BEGIN DATASET CONTENT

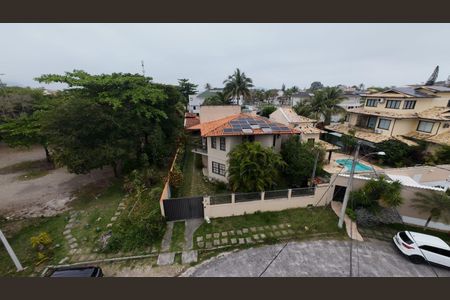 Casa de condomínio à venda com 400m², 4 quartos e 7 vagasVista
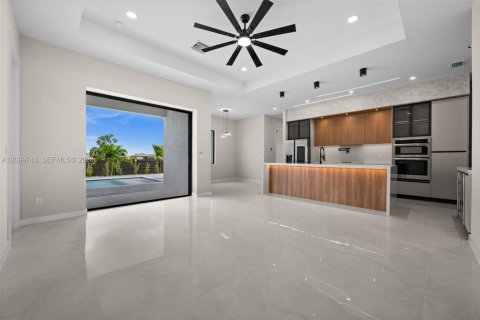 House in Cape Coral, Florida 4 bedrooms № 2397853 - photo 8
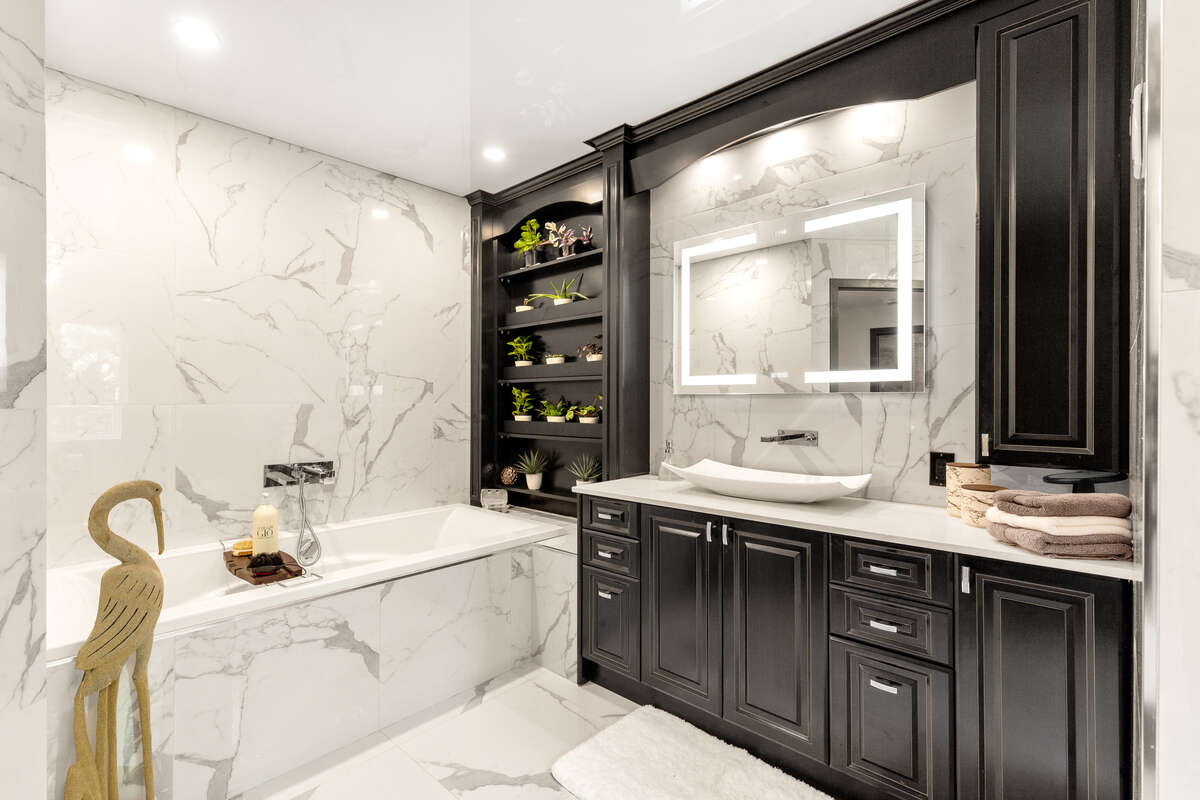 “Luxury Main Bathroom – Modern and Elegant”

END DATASET CONTENT

:: EXERCISE GOAL ::
Write out, word for word, the lines running from the one containing "House in Cape" to the end of the data above; the pictures are to be left out.

:: RESPONSE TO THE TASK ::
 House in Cape Coral, Florida 4 bedrooms № 2397853 - photo 8
 “Luxury Main Bathroom – Modern and Elegant”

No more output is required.